LEARNING FROM THE GLOBAL SOUTH
A well-attended meeting this morning at the Training Centre for International Cooperation with Jayati Ghosh, professor of economics at the University of New Delhi.
Social mobility and inequality as interconnected elements: only intervention on global inequalities, too often caused by the rigidity of international economic agreements that limit the sovereignty of countries, can help to address local inequalities and ensure social mobility.
The global economy is interdependent, and a “different” look is necessary in order to know ourselves and our economies: this was the introduction by Mauro Cereghini presenting the meeting with Jayati Ghosh, Indian economist who discussed social mobility drawing from the many experiences - negative and positive - of the so-called "Global South".

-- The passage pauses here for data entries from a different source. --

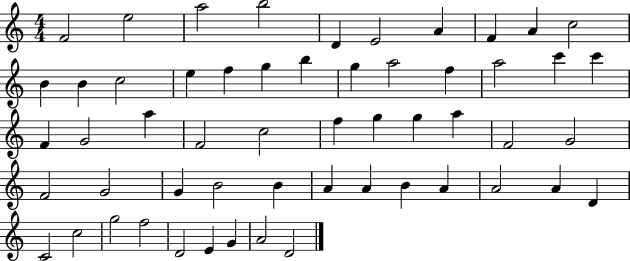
F4/h E5/h A5/h B5/h D4/q E4/h A4/q F4/q A4/q C5/h B4/q B4/q C5/h E5/q F5/q G5/q B5/q G5/q A5/h F5/q A5/h C6/q C6/q F4/q G4/h A5/q F4/h C5/h F5/q G5/q G5/q A5/q F4/h G4/h F4/h G4/h G4/q B4/h B4/q A4/q A4/q B4/q A4/q A4/h A4/q D4/q C4/h C5/h G5/h F5/h D4/h E4/q G4/q A4/h D4/h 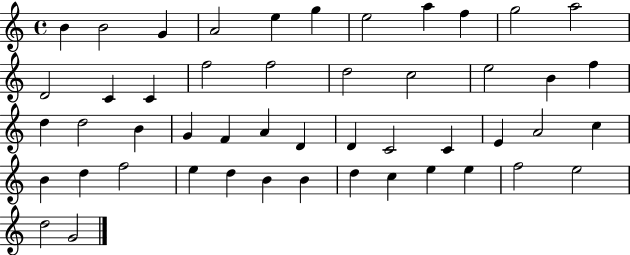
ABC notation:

X:1
T:Untitled
M:4/4
L:1/4
K:C
B B2 G A2 e g e2 a f g2 a2 D2 C C f2 f2 d2 c2 e2 B f d d2 B G F A D D C2 C E A2 c B d f2 e d B B d c e e f2 e2 d2 G2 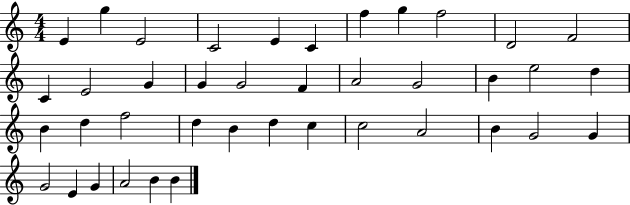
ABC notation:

X:1
T:Untitled
M:4/4
L:1/4
K:C
E g E2 C2 E C f g f2 D2 F2 C E2 G G G2 F A2 G2 B e2 d B d f2 d B d c c2 A2 B G2 G G2 E G A2 B B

Social mobility is an essential element to allow full expression of the human potential and foster social cohesion, but globally in the last thirty years inequality has increased and social mobility has decreased.

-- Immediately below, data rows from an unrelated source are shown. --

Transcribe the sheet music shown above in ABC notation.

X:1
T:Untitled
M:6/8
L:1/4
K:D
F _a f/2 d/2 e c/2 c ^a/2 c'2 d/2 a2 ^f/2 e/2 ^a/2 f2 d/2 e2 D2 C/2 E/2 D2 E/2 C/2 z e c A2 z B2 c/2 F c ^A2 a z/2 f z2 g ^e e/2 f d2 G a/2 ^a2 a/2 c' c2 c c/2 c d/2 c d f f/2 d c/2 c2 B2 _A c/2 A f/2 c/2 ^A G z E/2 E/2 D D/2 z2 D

Inequality is not a necessary cost of economic growth, as we often hear, on the contrary, we can see how often it discourages economic growth.
To reduce inequality, and therefore enable effective social mobility, it is necessary to pursue policies related to a strong welfare state capable of acting on behalf of its citizens. In particular, access to quality education, including secondary and university education; expansion of the formal employment sector; investment in social protection programmes; promotion of universal access to food; increased female participation in the labour market; effective urban planning.

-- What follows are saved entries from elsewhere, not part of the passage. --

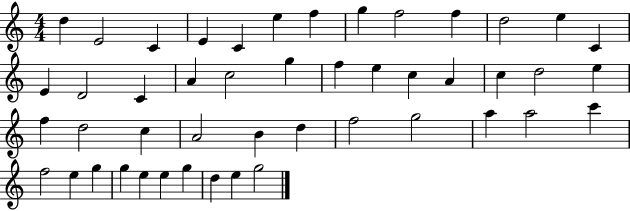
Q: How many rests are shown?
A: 0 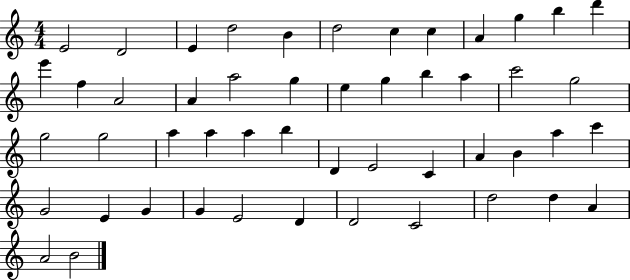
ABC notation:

X:1
T:Untitled
M:4/4
L:1/4
K:C
E2 D2 E d2 B d2 c c A g b d' e' f A2 A a2 g e g b a c'2 g2 g2 g2 a a a b D E2 C A B a c' G2 E G G E2 D D2 C2 d2 d A A2 B2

These policies have been put in place in several Latin American countries, along with taxation of large companies and major renegotiation of royalties that corporations impose on the exploitation of natural resources.
There are many positive examples illustrated by the Indian professor, from Africa, Latin America and Asia, and all struggle to deal with international agreements aimed more at protecting capital and profit rather than expanding both economic growth and rights.
In conclusion, Jayati Ghosh stressed that to improve social mobility in the world it is necessary to act internationally, and this is a responsibility of every country and every European citizen.